Remix.run Logo
benreesman 6 days ago

People will go to extremely great lengths to debate the appropriate analogy for how these things work, which is fun I guess but in a "get high with a buddy" sense at least to my taste.

Some of how they work is well understood (a lot now, actually), some of the outcomes are still surprising.

But we debate both the well understood parts and the surprising parts both with the wrong terminology borrowed from pretty dubious corners of pop cognitive science, and not with terminology appropriate to the new and different thing! It's nothing like a brain, it's a new different thing. Does it think or reason?
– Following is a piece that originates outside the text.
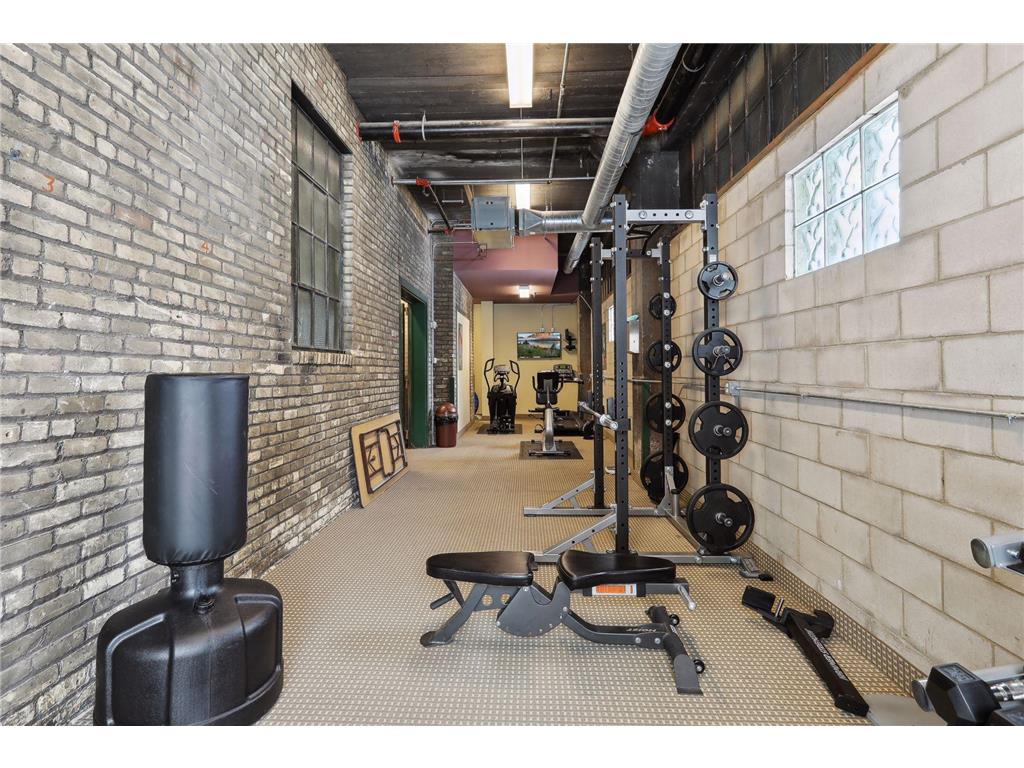 918 3rd Street N #309 Minneapolis MN 55401 7057516 image23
Who knows pass the blunt.

They do X performance on Y task according to Z eval, that's how you discuss ML model capability if you're persuing understanding rather than fundraising or clicks.
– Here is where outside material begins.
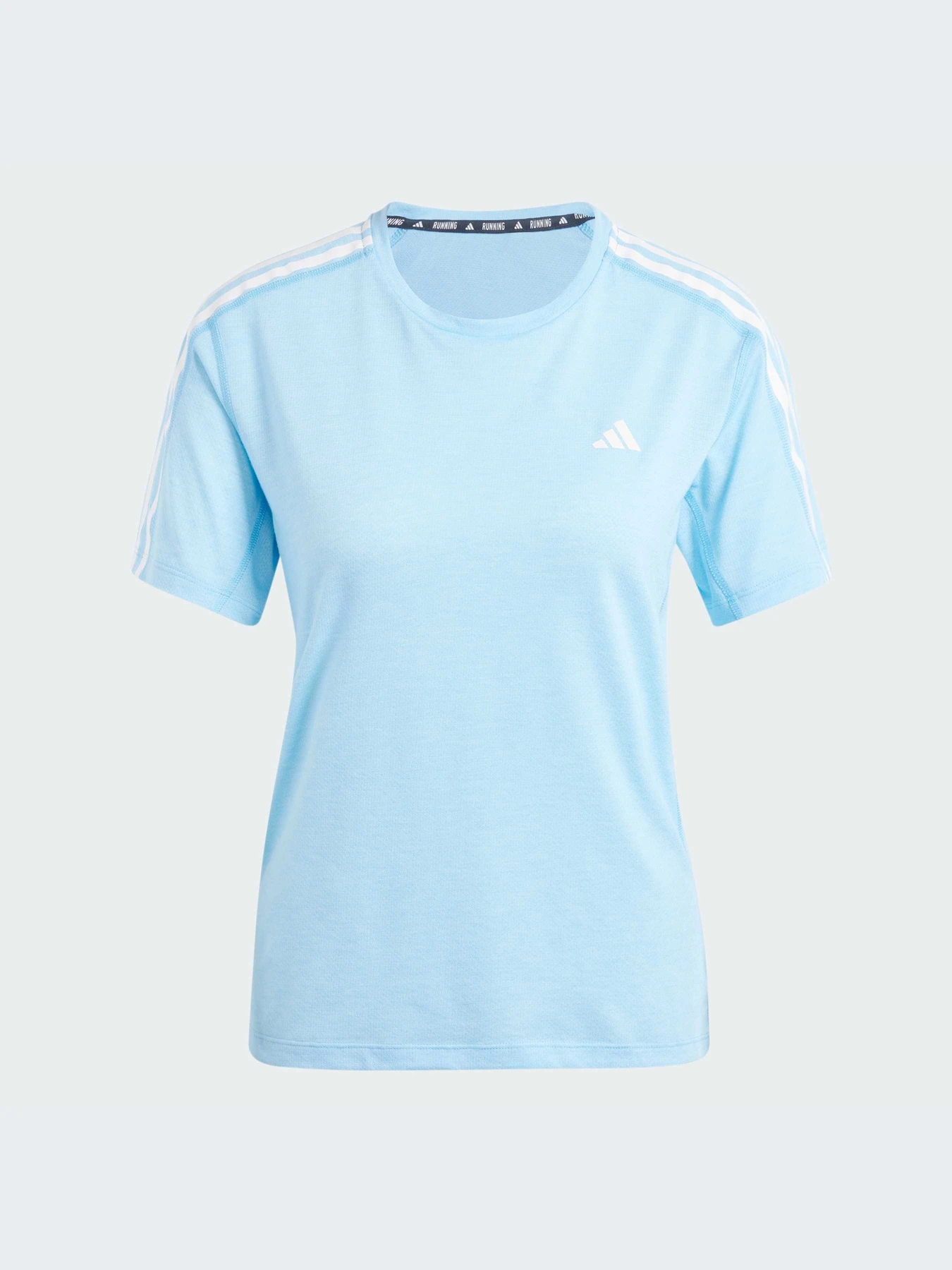 Футболки и поло Adidas Supernova модель IK5020-KZ Футболки и поло Adidas Supernova модель IK5020-KZ Фото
Vegenoid 6 days ago | parent [-]

While I largely agree with you, more abstract judgements must be made as the capabilities (and therefore tasks being completed) become increasingly general. Attempts to boil human intellectual capability down to "X performance on Y task according to Z eval" can be useful, but are famously incomplete and insufficient on their own for making good decisions about which humans (a.k.a. which general intelligences) are useful and how to utilize and improve them. Boiling down highly complex behavior into a small number of metrics loses a lot of detail.

There is also the desire to discover why a model that outperforms others does so, so that the successful technique can be refined and applied elsewhere. This too usually requires more approaches than metric comparison.